Let me back up from my other response. It just occurred to me that UDT1.1 (with a proof system instead of “math intuition”) already constitutes a quining solution to AI reflection.
Consider an AI facing the choice of either creating a copy of itself, which will then go out into the world, or doing nothing. Unfortunately, due to Lobian problems it can’t prove that a copy of itself won’t do something worse than nothing. But UDT1.1 can be thought of as optimizing over an input/output mapping that is implemented by all of its copies. For each possible mapping, it proves a utility value starting from the assumption that it implements that map (which implies that its copies and provably equivalent variants also implement that map). So it doesn’t need to prove (from scratch) that its copy won’t do something worse than nothing.

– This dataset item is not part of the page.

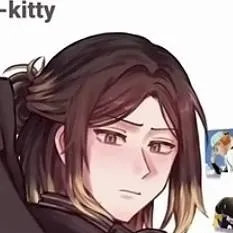 chat with ai character: ☆Kenma☆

I think there’d be a wide variety of systems where, so long as the “parent” agent knows the exact strategy that its child will deploy in all relevant situations at “compile time”, the parent will trust the child. The point of the Lob problem is that it arises when we want the parent to trust the child generally, without knowing exactly what the child will do. For the parent to precompute the child’s exact actions implies that the child can’t be smarter than the parent, so it’s not the kind of situation we would encounter when e.g. Agent A wants to build Agent B which has more RAM and faster CPUs than Agent A while still sharing Agent A’s goals. This, of course, is the kind of “agents building agents” scenario that I am most interested in.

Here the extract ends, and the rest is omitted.